Tuesday, March 13, 2012

Large-scale matching exercise using MySQL

In my previous post (MySQL: A Few Metrics, 3 March 2012) I have mentioned some parameters of a task I recently faced. We are now going to examine that task in more detail.

We have two large text files, File1 and File2. They both contain text entries, one per line, over 400 million lines each. We know almost nothing about the content beyond that; it is definitely unsorted within each of the files, some lines may be repetitive. So for the purpose of this discussion let us say File1 is 430 million lines and File2 is 440 million lines.

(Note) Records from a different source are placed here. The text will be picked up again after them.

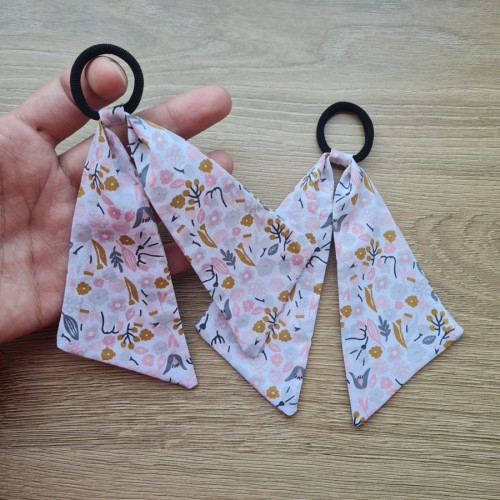 Çiçek Desenli Lastik Toka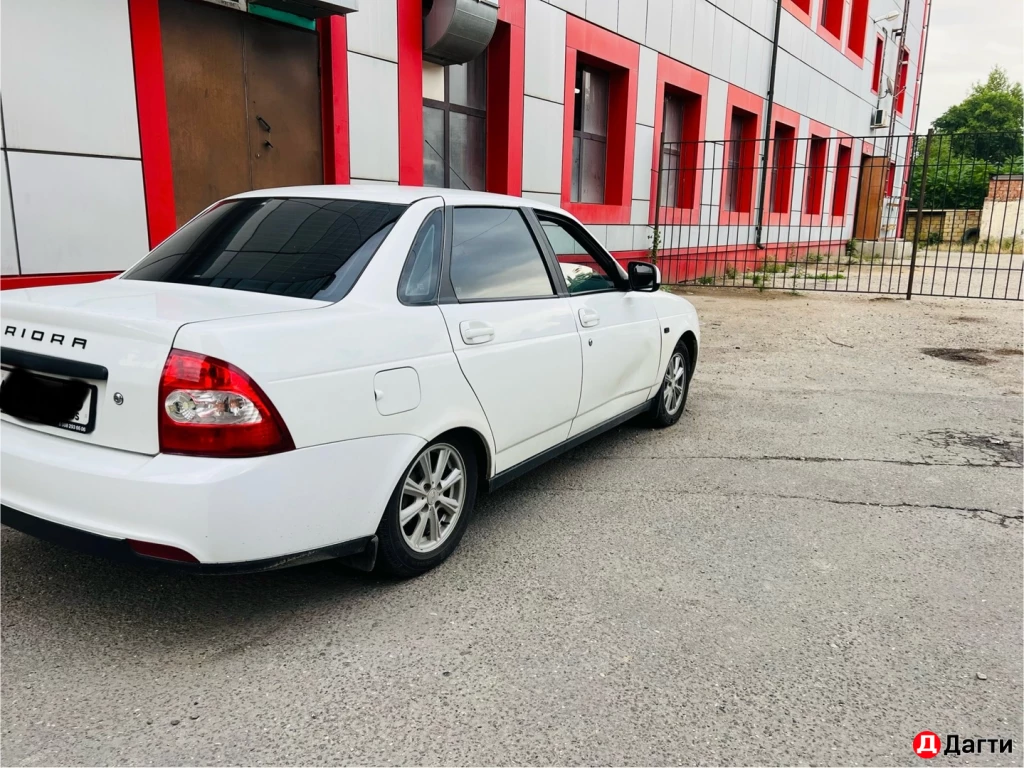 LADA (ВАЗ) Priora, 2011 года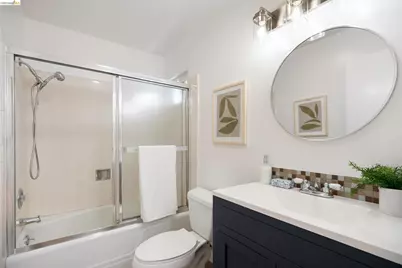 22 Rydal Ct, Oakland, CA 94611 - Photo 21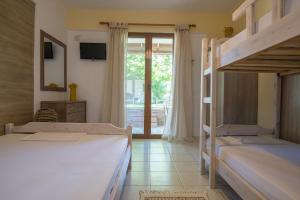 沃尔沃罗Maria Village的一间卧室设有两张双层床和滑动玻璃门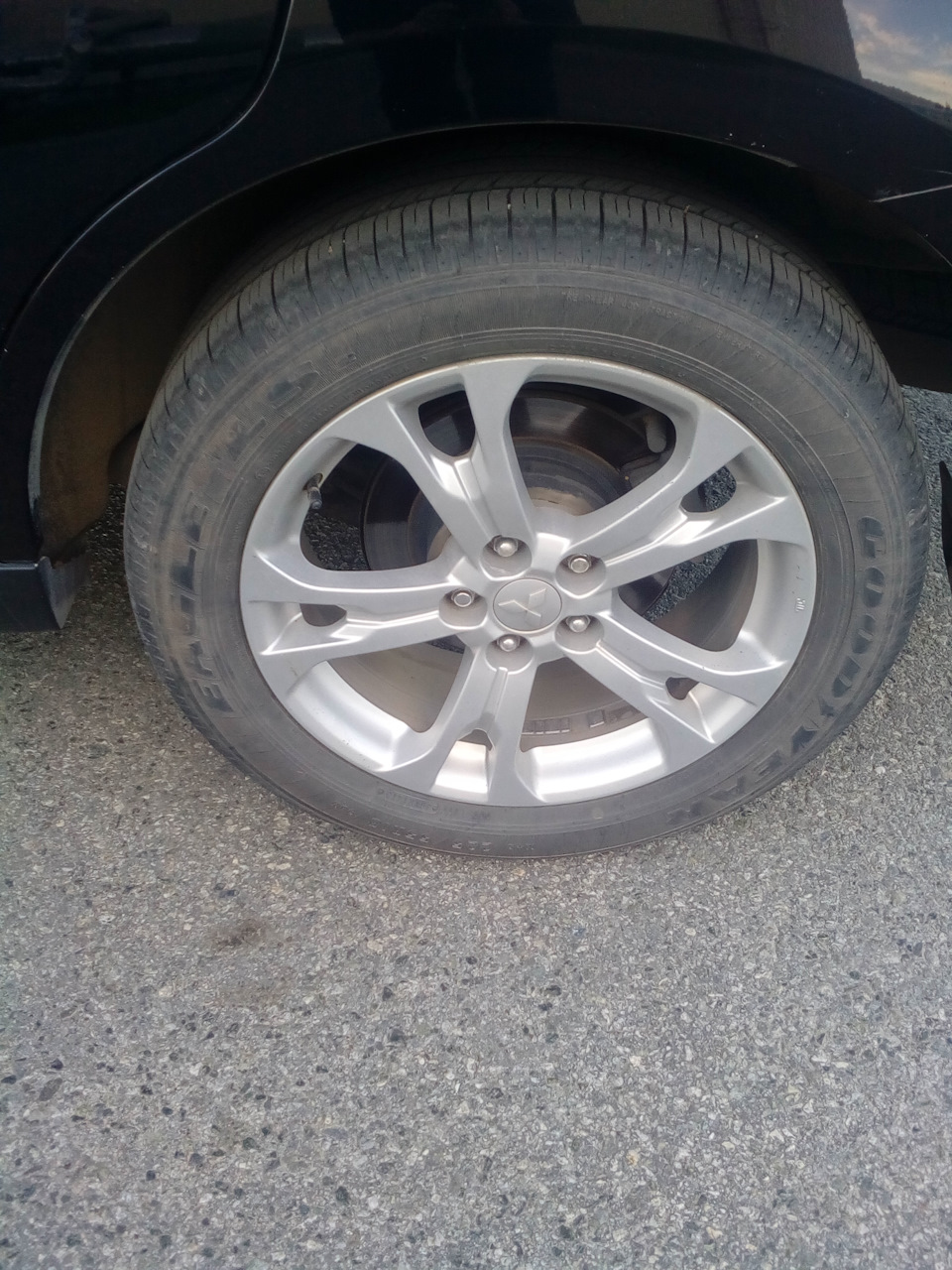 Продам Колеса 225/55 R18, за 23000 — Mitsubishi Outlander XL, 2 л, 2010  года | другое | DRIVE2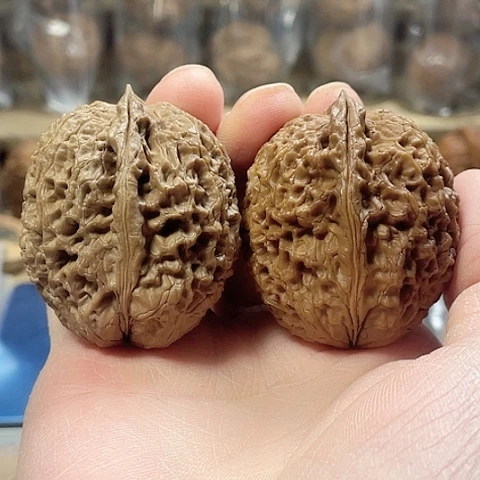 文玩核桃把件铁将军带彩色差41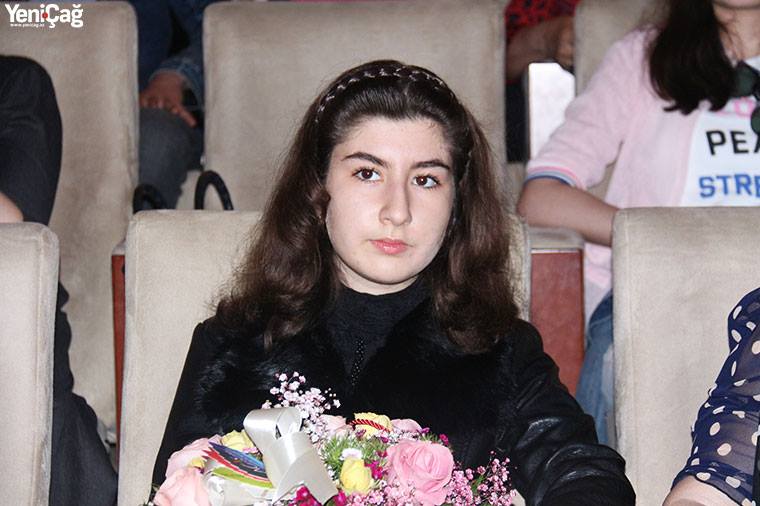 “Anam mənə qadağa qoymayıb” – Əməkdar artistin qızı – FOTOLAR
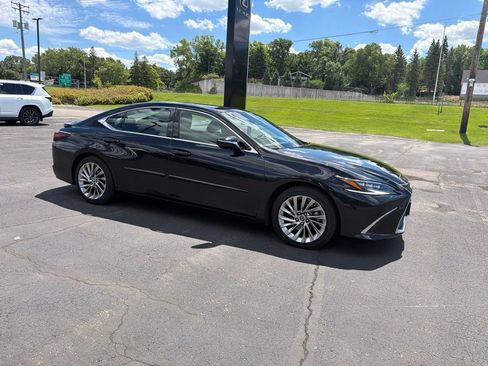 Used 2022 Lexus ES 350 Ultra Luxury w/ Accessory Package 2 FWD image 21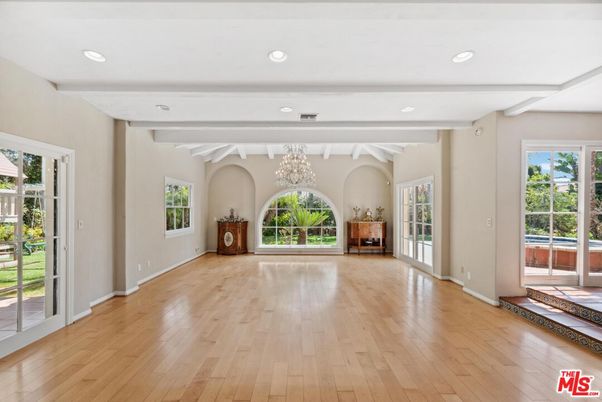 Chandelier, Empty room, Interior, Recessed Lighting, Wood Texture Flooring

To recap: the only machine I had available for this task was an VM that had plenty of disk - about 1 TB unused - but little processing power and only 512 MB RAM. It was running CentOS 6 and MySQL 5.1.52. First word of caution: if you intend to manipulate large tables it is advisable to ascertain that either /tmp has plenty of room for its invisible temporary files, or else change the temporary directory to something else. You can do that by setting the TMPDIR environment variable to the desirable location. On CentOS I just inserted the appropriate line towards the top of /etc/init.d/mysqld and that did the trick:

# Alternate temporary storage directory
export TMPDIR=/home/mysql/tmp

My first instinct was to first sort the two lists individually and then, after they are sorted, find matches as well as content exclusive to either list by doing one forward pass through both. I still believe that approach was sensible - however, the sorting phase proved to be more time-consuming than I expected. The most likely reason for that was that, as I already mentioned, inexact comparisons take qualitatively longer than exact ones - and sorting, no matter how you do it, is based upon inexact comparisons.

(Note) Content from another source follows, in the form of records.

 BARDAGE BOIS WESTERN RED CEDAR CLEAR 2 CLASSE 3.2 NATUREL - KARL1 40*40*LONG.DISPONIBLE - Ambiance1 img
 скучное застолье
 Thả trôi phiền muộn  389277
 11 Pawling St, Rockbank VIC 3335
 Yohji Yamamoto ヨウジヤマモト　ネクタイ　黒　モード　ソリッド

However, that same fact could be used to our advantage. We could do exact comparisons to determine the intersection of the two lists - and then separate the entries exclusive to either list.

Let us now run through a practical example that reflects what I ended up doing after some trials and errors. The names have been adjusted from those I used to make this text more readable. My apologies for any possible typos in that syntax.

Alright, let us get going now. We have our files: File1 (430 million lines) and File2 (440 million lines).

So first let us create the necessary tables:

mysql> CREATE TABLE f1_list (f1_id INT NOT NULL AUTO_INCREMENT PRIMARY KEY, text_line TEXT NOT NULL, INDEX (text_line(400) ASC));
Query OK, 0 rows affected (0.01 sec)

mysql> CREATE TABLE f2_list (f2_id INT NOT NULL AUTO_INCREMENT PRIMARY KEY, text_line TEXT NOT NULL, INDEX (text_line(400) ASC));
Query OK, 0 rows affected (0.00 sec)

mysql> CREATE TABLE common_list (cl_id INT NOT NULL AUTO_INCREMENT PRIMARY KEY, f1_id INT NOT NULL, f2_id INT NOT NULL, text_line TEXT NOT NULL, INDEX (f1_id ASC), INDEX (f2_id ASC), INDEX (text_line(400) ASC));
Query OK, 0 rows affected (0.00 sec)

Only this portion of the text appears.